There's a common misconception that drug mules are always chic sophisticates forever stuffing their goods in their designer bags, or at least shifty eyed ne'er-do-wells with wrists full of prison tats. Today, the NY Post upended everything we thought we knew about nerd culture with the startling revelation that even smooth-faced four-eyed geeks can smuggle drugs from China.
"LOL Pill-Poppin' Poindexter Prison-Bound," the jocks at the Post basically report.
Hunter College student Daren Moshe, 22, does appear to be your garden variety square: Wire-rimmed glasses, rosy cheeks, arched eyebrows particularly well-suited for the role of Dungeon Master. So imagine how scandalized his fellow members of the Science Honor Society must have been when he was busted trying to run more than a pound of Alpha PVP—similar in theme to MDMA, or molly— into the states on Friday.
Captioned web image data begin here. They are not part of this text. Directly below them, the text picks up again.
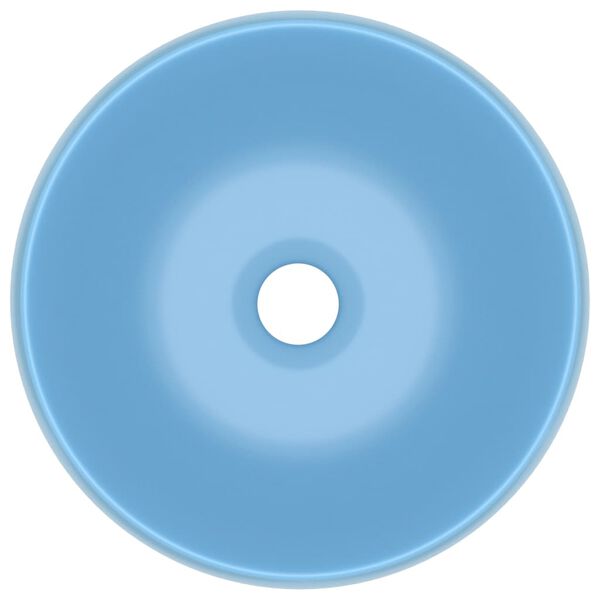 vidaXL ラグジュアリー 洗面器 丸型 マットライトブルー 40x15cm セラミック製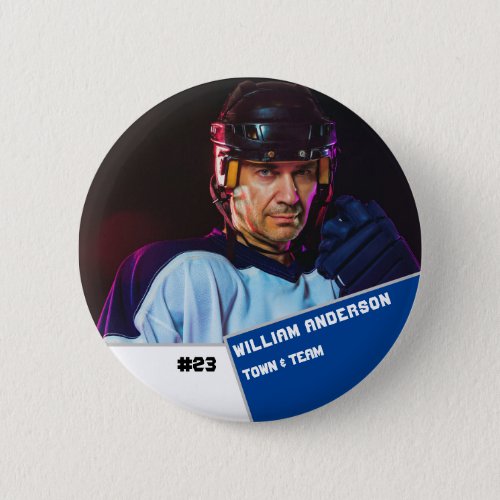 Custom photo sports button  pin hockey player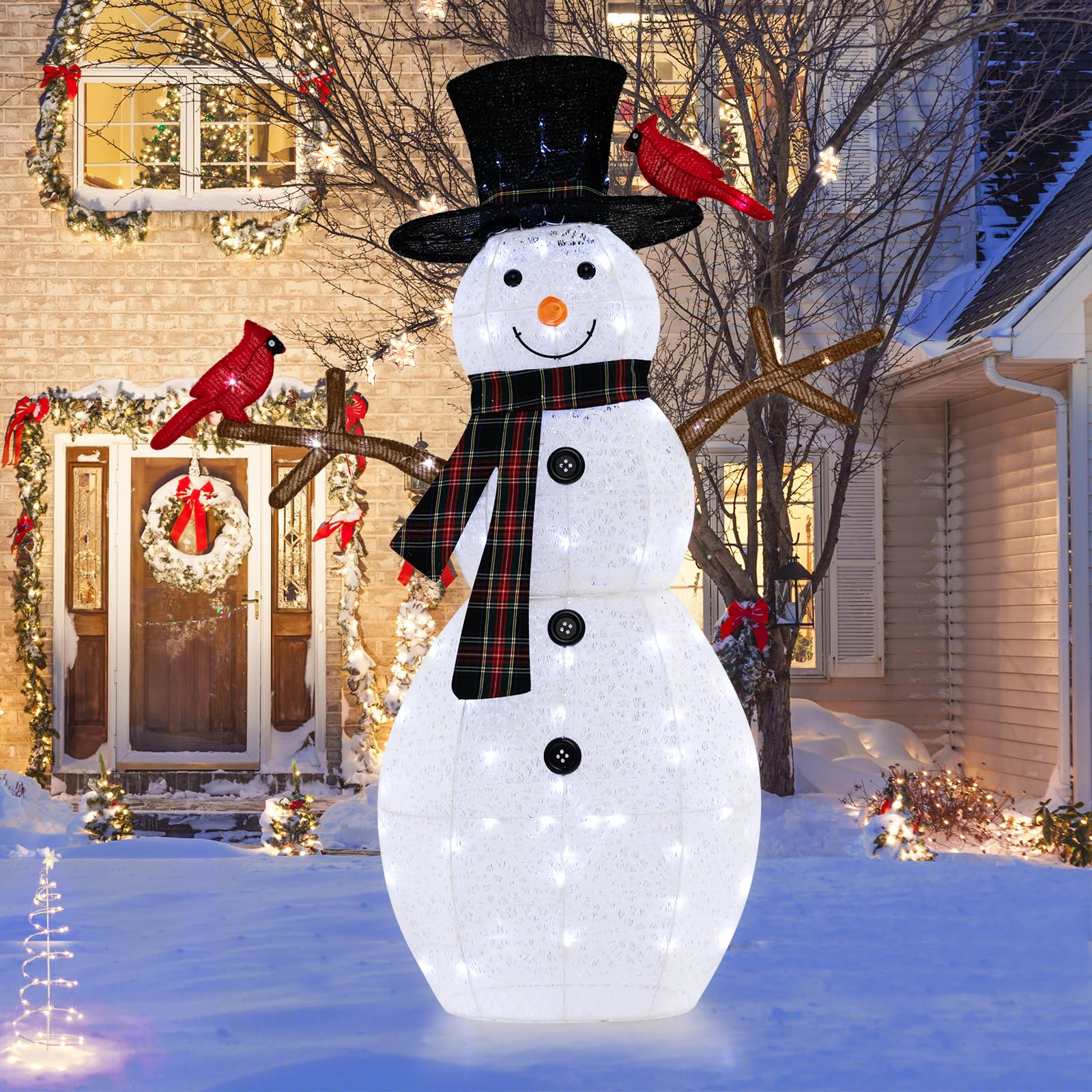 SOARS Decorazioni Natalizie, Pupazzo di Neve 99 X 16 X 127 CM con 70 Luci LED, 2 Uccellini Rossi, Resistente alle Intemperie, Addobbi Natalizi per Esterno & Interno per Salone, Giardino, Cortile
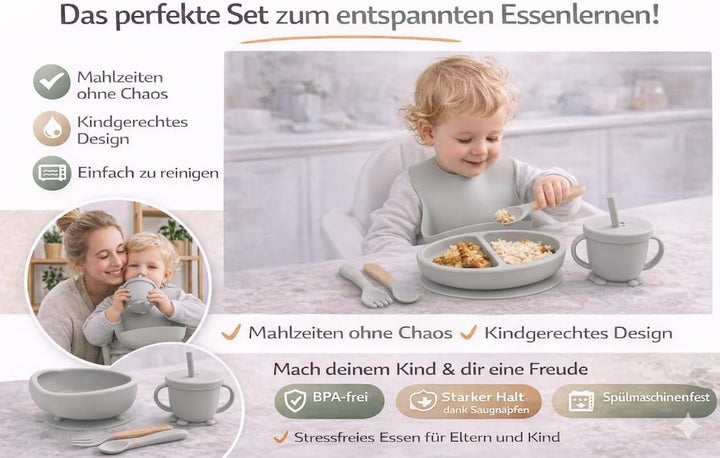 Eliano Sicheres & Rutschfestes Silikon Baby-Geschirrset - 6-teilig | Perfekt für die Beikosteinführu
According to court filings, Moshe was attempting to smuggle the drugs from Shanghai concealed in a crate of "rabbit-shaped lamps." Homeland Security was not fooled by the clever ruse, as they promptly discovered the goods during a routine search at JFK. Moshe was busted as he tried to collect the lamps from a UPS Store in White Plains.
No one in the history of the universe has ever ordered a pallet of rabbit lamps without some illegal substance stuffed inside. Moshe will certainly learn this, and other important life lessons, in prison, which will be a far more enriching academic experience than some lousy college could ever provide.